THE PROBLEM: What follows is a listing; repeat exactly, and only, its lines from the one holding "产肉好的肉鸡品种有哪些图片 产肉好的肉鸡品种有哪些" through the last, leaving any pictures out.

DATA EXTRACT:
========================================================================

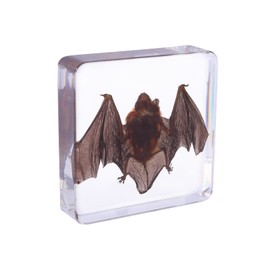 Taxidermy Bat, Real Bat Taxidermy Animals in Resin, Oddities Taxidermy, Resin Bat Taxidermy for Science Classroom Specimens Education, Great Gift for Taxidermy, Bat Decor, Oddities (3 * 3 * 0.8Inch)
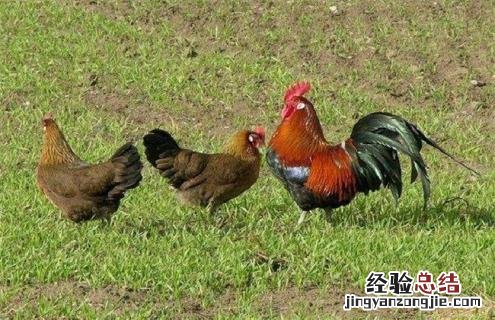 产肉好的肉鸡品种有哪些图片 产肉好的肉鸡品种有哪些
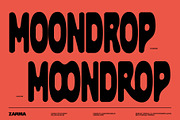 Stretchy Organic - Compressed Font, a Sans Serif Font by Zarma Type (Thumbnail 7 of 10)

========================================================================

RESPONSE TO THE TASK:
 产肉好的肉鸡品种有哪些图片 产肉好的肉鸡品种有哪些
 Stretchy Organic - Compressed Font, a Sans Serif Font by Zarma Type (Thumbnail 7 of 10)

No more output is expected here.